[Short web captions]
--

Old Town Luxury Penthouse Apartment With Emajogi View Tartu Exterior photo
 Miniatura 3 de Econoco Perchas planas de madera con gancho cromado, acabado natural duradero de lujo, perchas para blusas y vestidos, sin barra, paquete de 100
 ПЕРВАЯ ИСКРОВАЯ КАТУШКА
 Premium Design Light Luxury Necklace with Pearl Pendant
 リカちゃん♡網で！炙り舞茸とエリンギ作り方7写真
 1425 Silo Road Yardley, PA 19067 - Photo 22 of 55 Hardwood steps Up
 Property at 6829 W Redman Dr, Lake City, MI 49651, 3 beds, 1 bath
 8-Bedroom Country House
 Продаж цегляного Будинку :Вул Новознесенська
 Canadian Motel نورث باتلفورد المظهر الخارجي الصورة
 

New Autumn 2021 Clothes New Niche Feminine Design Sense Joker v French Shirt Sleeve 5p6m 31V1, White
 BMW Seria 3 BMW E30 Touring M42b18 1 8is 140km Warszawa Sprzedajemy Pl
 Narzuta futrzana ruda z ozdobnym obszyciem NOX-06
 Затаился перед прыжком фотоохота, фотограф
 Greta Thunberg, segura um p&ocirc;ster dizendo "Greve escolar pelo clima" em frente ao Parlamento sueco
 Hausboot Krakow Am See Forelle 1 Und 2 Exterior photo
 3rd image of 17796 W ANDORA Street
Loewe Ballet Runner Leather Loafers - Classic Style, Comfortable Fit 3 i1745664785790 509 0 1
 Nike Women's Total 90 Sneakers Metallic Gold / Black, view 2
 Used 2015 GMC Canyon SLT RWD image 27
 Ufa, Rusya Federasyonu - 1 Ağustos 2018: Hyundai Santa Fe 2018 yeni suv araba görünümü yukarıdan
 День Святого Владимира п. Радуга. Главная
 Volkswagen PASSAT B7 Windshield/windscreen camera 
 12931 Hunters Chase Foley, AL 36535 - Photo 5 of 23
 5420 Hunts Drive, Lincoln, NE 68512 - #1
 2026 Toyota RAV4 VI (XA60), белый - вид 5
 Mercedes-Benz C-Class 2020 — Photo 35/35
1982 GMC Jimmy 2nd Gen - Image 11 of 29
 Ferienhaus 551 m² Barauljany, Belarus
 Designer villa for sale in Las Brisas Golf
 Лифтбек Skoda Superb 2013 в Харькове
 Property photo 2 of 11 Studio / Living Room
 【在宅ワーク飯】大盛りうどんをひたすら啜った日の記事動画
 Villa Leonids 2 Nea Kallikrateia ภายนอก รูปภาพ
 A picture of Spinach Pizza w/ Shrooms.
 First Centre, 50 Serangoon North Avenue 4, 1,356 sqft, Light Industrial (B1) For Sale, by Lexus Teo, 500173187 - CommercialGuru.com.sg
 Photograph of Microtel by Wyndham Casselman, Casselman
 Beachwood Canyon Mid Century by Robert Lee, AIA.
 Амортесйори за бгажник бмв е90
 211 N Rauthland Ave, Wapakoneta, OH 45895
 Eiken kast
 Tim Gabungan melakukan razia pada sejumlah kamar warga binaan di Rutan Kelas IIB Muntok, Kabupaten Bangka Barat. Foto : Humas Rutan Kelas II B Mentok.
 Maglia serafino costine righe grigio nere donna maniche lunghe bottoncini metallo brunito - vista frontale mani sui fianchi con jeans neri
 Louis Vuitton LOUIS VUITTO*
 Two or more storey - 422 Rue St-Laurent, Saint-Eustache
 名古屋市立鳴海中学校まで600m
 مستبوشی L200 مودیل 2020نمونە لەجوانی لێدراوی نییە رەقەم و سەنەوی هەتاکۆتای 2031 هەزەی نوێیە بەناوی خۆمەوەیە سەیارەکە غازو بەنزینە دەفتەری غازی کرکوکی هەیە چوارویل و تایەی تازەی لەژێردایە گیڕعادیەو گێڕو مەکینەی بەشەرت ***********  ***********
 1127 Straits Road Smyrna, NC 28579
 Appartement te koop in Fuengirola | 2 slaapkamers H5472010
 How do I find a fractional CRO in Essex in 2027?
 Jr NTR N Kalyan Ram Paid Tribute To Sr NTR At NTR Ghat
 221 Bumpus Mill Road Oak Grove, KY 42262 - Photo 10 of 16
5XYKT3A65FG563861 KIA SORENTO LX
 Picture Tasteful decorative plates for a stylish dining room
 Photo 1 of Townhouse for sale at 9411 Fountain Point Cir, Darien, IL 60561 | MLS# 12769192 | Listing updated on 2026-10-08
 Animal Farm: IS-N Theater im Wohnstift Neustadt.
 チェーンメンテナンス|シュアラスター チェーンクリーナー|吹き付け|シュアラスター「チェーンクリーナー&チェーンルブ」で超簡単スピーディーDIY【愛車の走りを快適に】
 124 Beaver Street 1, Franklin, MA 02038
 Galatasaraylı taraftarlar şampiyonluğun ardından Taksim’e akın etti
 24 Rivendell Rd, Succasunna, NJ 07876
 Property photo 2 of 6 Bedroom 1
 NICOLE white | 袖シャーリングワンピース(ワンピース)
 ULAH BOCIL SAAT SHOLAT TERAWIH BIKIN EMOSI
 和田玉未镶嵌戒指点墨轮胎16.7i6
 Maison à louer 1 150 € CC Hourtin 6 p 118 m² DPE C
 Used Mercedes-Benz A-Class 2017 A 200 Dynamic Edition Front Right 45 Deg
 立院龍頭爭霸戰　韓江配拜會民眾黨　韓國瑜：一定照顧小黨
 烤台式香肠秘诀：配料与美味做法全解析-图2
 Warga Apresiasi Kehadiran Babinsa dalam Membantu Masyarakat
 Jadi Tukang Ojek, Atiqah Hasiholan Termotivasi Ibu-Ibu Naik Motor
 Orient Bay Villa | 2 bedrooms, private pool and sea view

--

Beginning at the line that holds "24 Rivendell Rd, Succasunna, NJ 07876", copy every line through the end of the entries exactly as given, and only those lines.

• RESPONSE TO THIS EXERCISE:
 24 Rivendell Rd, Succasunna, NJ 07876
 Property photo 2 of 6 Bedroom 1
 NICOLE white | 袖シャーリングワンピース(ワンピース)
 ULAH BOCIL SAAT SHOLAT TERAWIH BIKIN EMOSI
 和田玉未镶嵌戒指点墨轮胎16.7i6
 Maison à louer 1 150 € CC Hourtin 6 p 118 m² DPE C
 Used Mercedes-Benz A-Class 2017 A 200 Dynamic Edition Front Right 45 Deg
 立院龍頭爭霸戰　韓江配拜會民眾黨　韓國瑜：一定照顧小黨
 烤台式香肠秘诀：配料与美味做法全解析-图2
 Warga Apresiasi Kehadiran Babinsa dalam Membantu Masyarakat
 Jadi Tukang Ojek, Atiqah Hasiholan Termotivasi Ibu-Ibu Naik Motor
 Orient Bay Villa | 2 bedrooms, private pool and sea view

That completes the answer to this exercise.